Stop at the line containing "Loewe Flower Small": repeat exactly every line of the entries below from the first up to it, plus that line, with pictures omitted.

### Entries supplied
══════════════════════════════
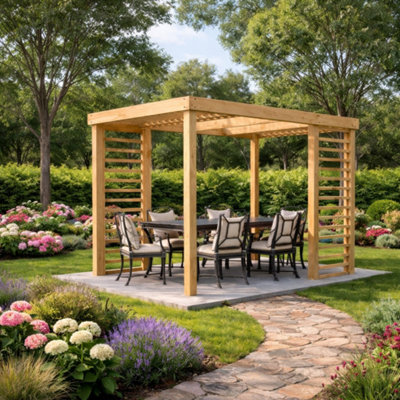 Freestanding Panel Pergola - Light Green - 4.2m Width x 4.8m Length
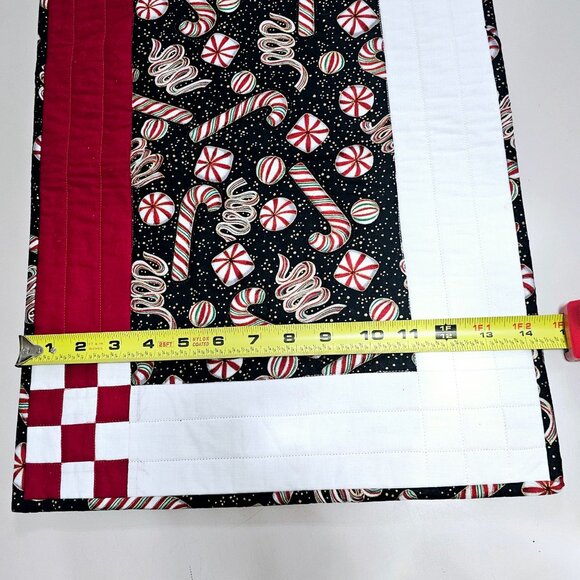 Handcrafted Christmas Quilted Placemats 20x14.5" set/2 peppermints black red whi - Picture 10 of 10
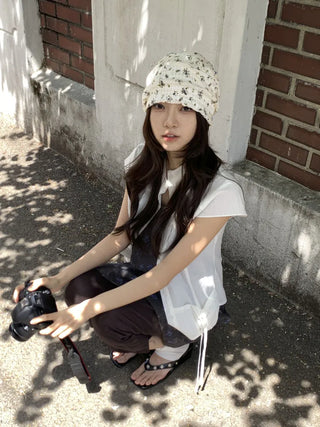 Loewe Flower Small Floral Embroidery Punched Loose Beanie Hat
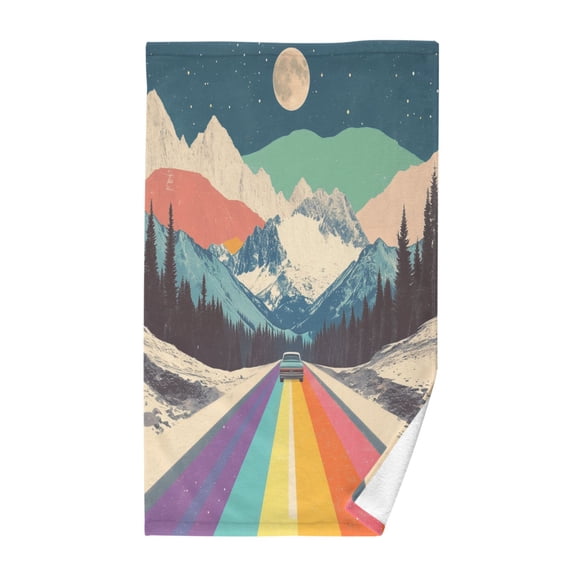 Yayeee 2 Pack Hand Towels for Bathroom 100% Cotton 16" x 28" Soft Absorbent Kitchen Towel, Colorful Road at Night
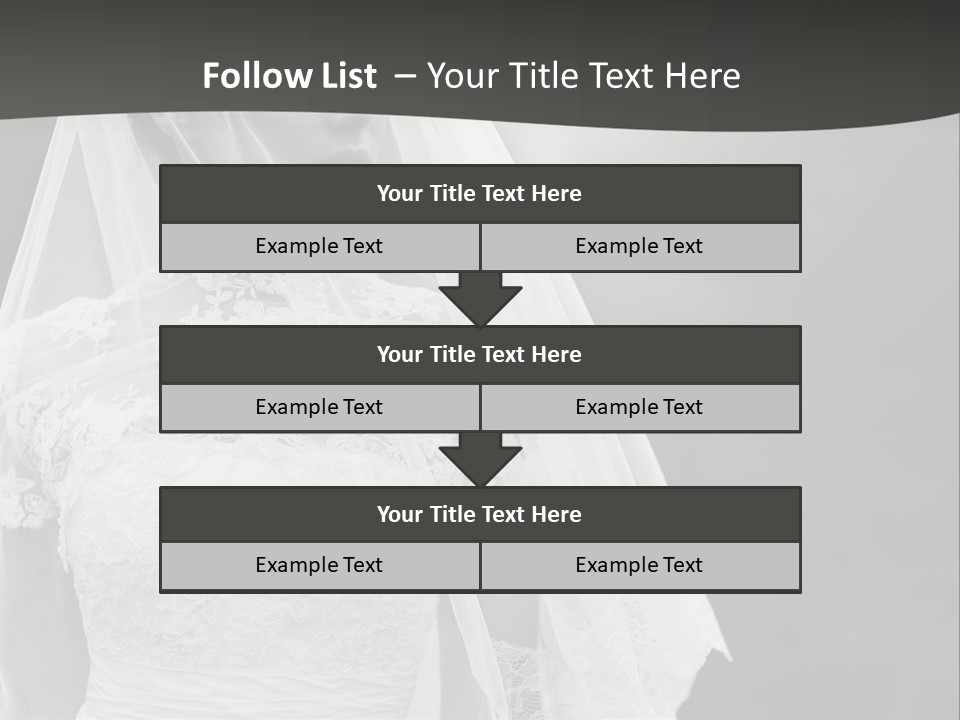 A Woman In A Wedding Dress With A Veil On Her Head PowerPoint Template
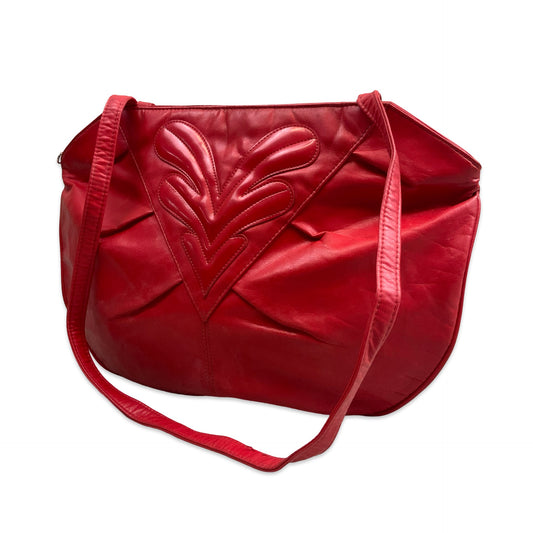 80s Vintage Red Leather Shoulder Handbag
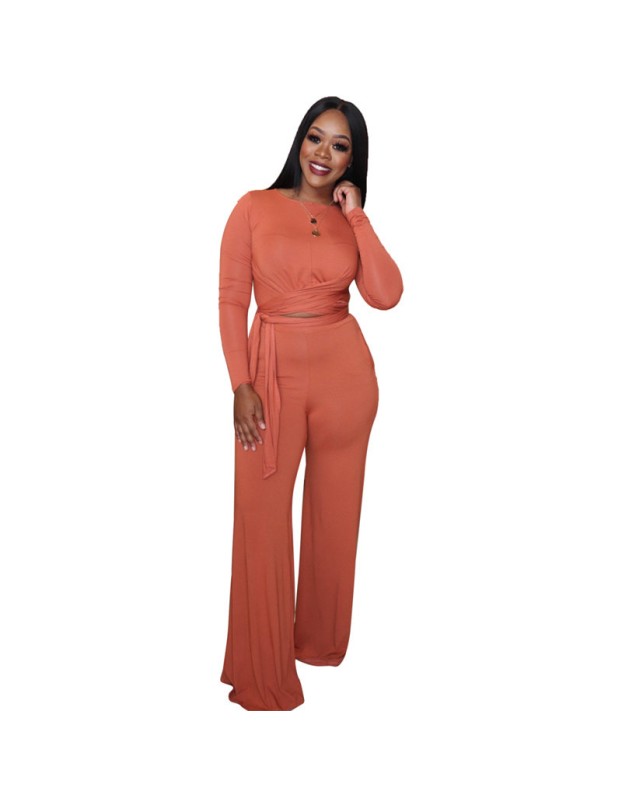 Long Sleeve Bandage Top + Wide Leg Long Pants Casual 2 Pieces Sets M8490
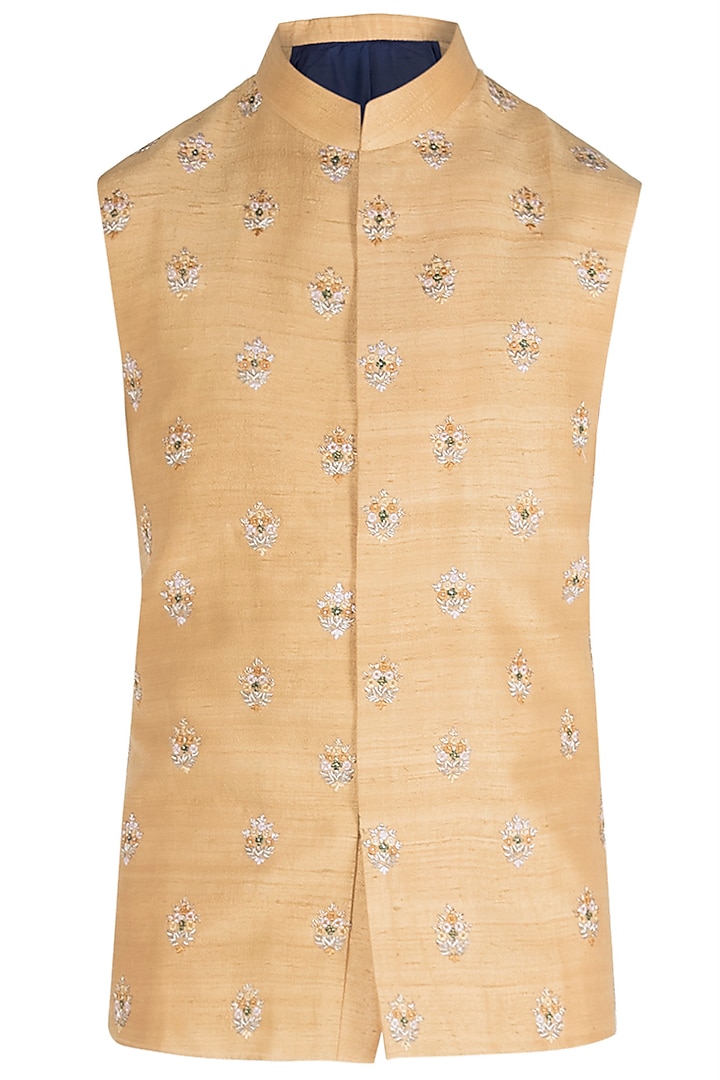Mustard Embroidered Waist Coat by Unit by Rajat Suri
══════════════════════════════
### Task answer
 Freestanding Panel Pergola - Light Green - 4.2m Width x 4.8m Length
 Handcrafted Christmas Quilted Placemats 20x14.5" set/2 peppermints black red whi - Picture 10 of 10
 Loewe Flower Small Floral Embroidery Punched Loose Beanie Hat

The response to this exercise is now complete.